Historic flying boat takes shape under Duluth group's watch
If all goes to plan, at least part of the tail hoisted onto a vintage aircraft today in Duluth will eventually end up in the water.
That's because the World War II aircraft, known as a PBY Catalina, was made to float.
"Many aren't aware of it, but this is a boat," said Dennis Taklo, who, with the other members of Duluth's Commemorative Air Force, have been helping restore the 1945 aircraft. "They didn't even make landing gear for it until six years after the first one was built."
The PBY Catalina is historically significant as it has flown with every branch of the U.S. military, and played a key role in the most decisive victory of World War II, according to John Hosler with the Commemorative Air Force Lake Superior Squadron 101 in Duluth. Of more than 4,000 PBYs made, only 40 remain.
Duluth's Commemorative Air Force's mission is to integrate two of them stored in their hangar into one that will look like it would have looked in June 1942, before the infamous Battle of Midway, in which pilots in PBYs located the Japanese fleet, enabling the U.S. Navy to surprise the Japanese.

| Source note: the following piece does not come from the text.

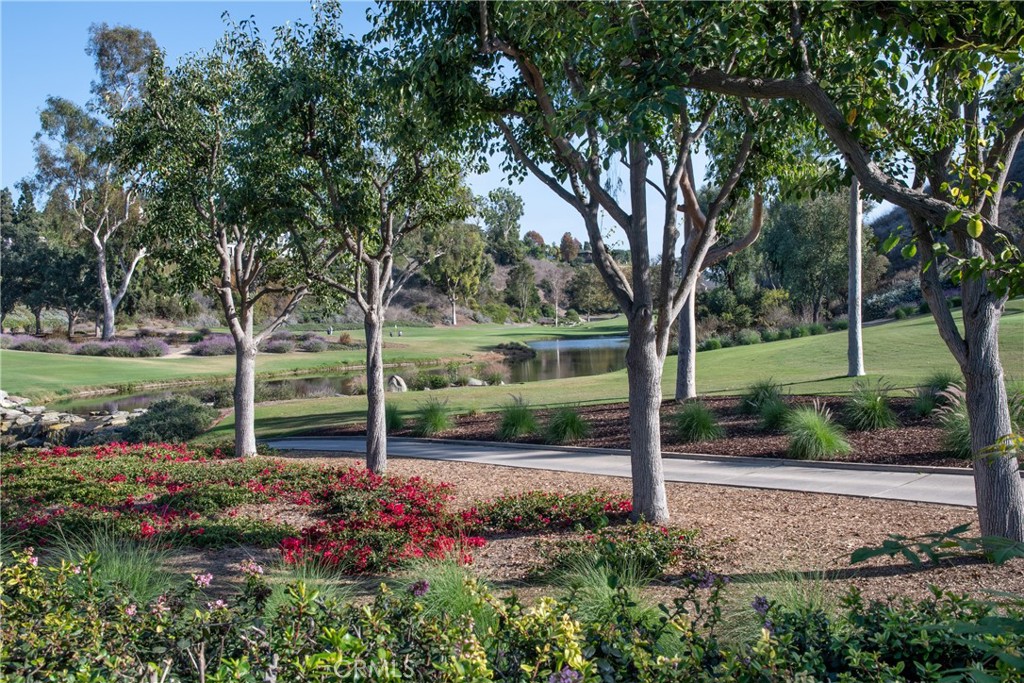 4 Rue Grand Ducal Newport Beach, CA 92660 - Photo 37 of 38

Raising the tail onto the plane Thursday was a major moment in the restoration, akin to work they've already completed on the engines and mechanicals, Hosler said. After several years of volunteer work, having the tail affixed to the plane puts the project at about 40 percent complete.
With the rudder, interior, instruments and cockpit glass work still remaining, the squadron needs to raise money. They will hold an event to that end called, "Winds Beneath Our Wing," from 10 a.m. to 8 p.m. Saturday, Sept. 10 at their airport hangar and museum, 4931 Airport Rd. in Hermantown. People can see the progress of the PBY restoration, listen to music by Jim Melde's Big Band, eat lunch and/or dinner,
participate in live and silent auctions and view a car show.
People who would like to volunteer to help with the restoration can call the squadron at (218) 733-0639.
"There's a million things to do that don't need specific skills," said Shelby Holen, an airline mechanic who's put in many volunteer hours.
The goal is to have the $500,000 project complete by July 4, 2014, when they plan to fly it over Duluth before landing in Lake Superior.
"CAF wants airplanes that fly," Taklo said. "It's a way to keep history alive."